Another factor is, I think, that cities in Asia are overcrowded. It is hard to pay attention to all the people surrounding us when they number in the tens of millions. A former hotel General Manager in Shanghai used to say that whenever he left the office, he sometimes wanted to turn right, but twenty million people pushed him left, so left he went…
Also, about driving. While it is true that Chinese, Koreans, and many other show their true inner self when behind a wheel, we also should consider the average age of their driving licenses, and the way the license is “awarded”… A lack of proper road education, corruption at its finest (in Korea, even other cops consider that traffic cops are the scum of the earth. Has to be a reason) contribute to this attitude.

my 0.02$

October 20, 2003 @ 2:28 pm | Comment

It’s a fine vicious cycle isn’t it. You matter to no one, why should anyone matter to you then?

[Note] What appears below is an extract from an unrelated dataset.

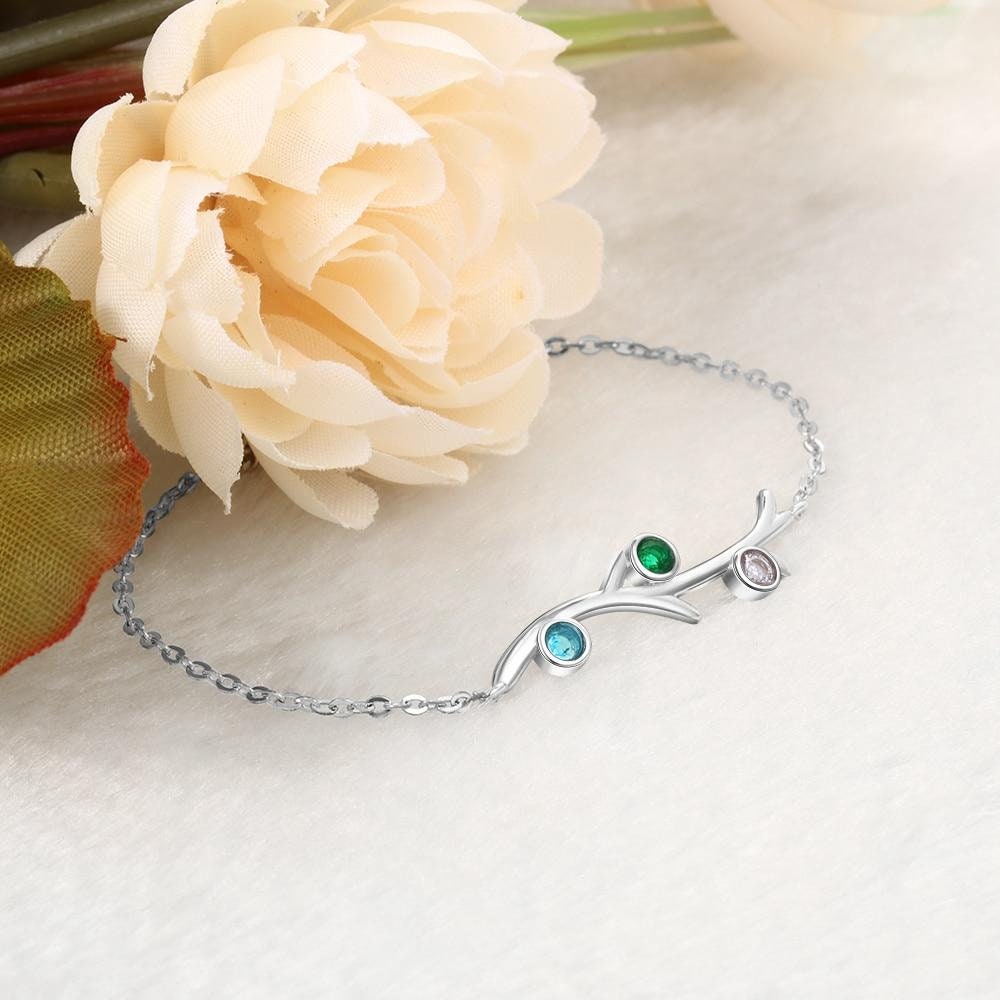 Customized 3 Birthstones Bracelets for Women Branch Bracelets & Bangles Personalized Gift Wedding Jewelry Customized Bracelets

Jeremy…courtesy and the war on terrorism are two different things. It is not so much of adhering to western standards, but rather, trying to be polite.

Courtesy can be taught.
Singapore is a pretty good example.
People really do try to helpful here, and polite. And I do see seats being given to people who need it more quite regularly.

October 20, 2003 @ 4:48 pm | Comment

Jeremy, with respect, I have to agree with Isabella and disagree with you. It’s one thing to be rude. But in China the problem is more than everyday rudeness.

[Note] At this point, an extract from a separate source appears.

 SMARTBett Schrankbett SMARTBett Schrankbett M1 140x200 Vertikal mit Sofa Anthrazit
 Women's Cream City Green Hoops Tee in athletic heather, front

I’ll never forget seeing, during my very first week in China, a guy at Fudan University unzip his fly and relieve himself on a crowded road right in front of teachers and students passing by. This shocking episode told me just how severe this problem is (none of the passers-by seemed particularly surprised, if they even noticed).

Sorry but there are standards of decency and respect in this world. Not Western or European or Asian standards, just the fundamental laws of the social contract that people of all cultures and nationalities have areed to live by, i.e., basic courtesy and respect. China is way behind, especially if it wants to play on the worldwide global stage. This is perhaps, as dda commented above, a tragic by-product of the Cultural Revolution. But whatever its causes, it needs to be addressed if China wants to be seen as a true global leader.

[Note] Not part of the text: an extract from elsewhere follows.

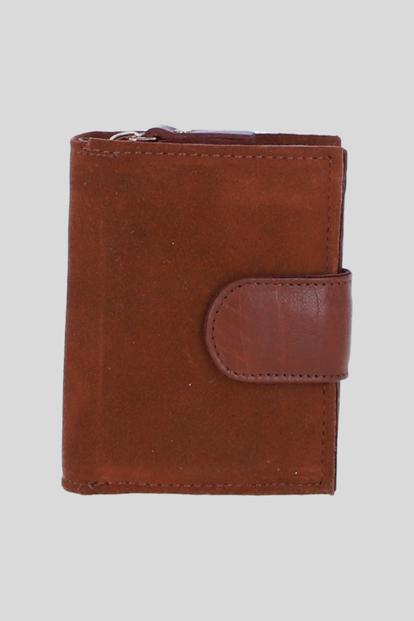 Brown Suede & Leather Rfid Protected Trifold Purse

October 21, 2003 @ 6:20 am | Comment

I think the alienation from a real earthy humaness is a root problem created by the communist era in China. Maybe it predates that, but I can easily imagine how the intense state of fear and isolation created by 1) a governement that routinely kidnaps and kills its citizens for honest self-expression; and 2) the sense of of being alone and unprotected due to the sheer number of people making it impossible for everyone to be accounted for at all times. There is nothing like the vulnerability of walking alone in an immense crowd.

So there is chronic fear and vulnerability. Sounds like the makings for mental illness to me. And culturewide, that manifests as a sick culture, one that is decaying. The new China would certainly not be the only modern culture to fall apart at the seems of its grasp on humanism. The alienation of people from the very things that make us people, loving relationship, extended family connections, a sense of connection to the land we live on (the actual land, not the political entity representing it), and so on, is undermining cultures across the globe. In China it may be accelerated because of the political oppression and over population, but it is likely a harbinger of things to come.

October 21, 2003 @ 6:57 am | Comment

This is essence of kiasu (afaid to lose out), which everyone of the Mongoloid stock possess one way or the other. Maybe it’s genetic.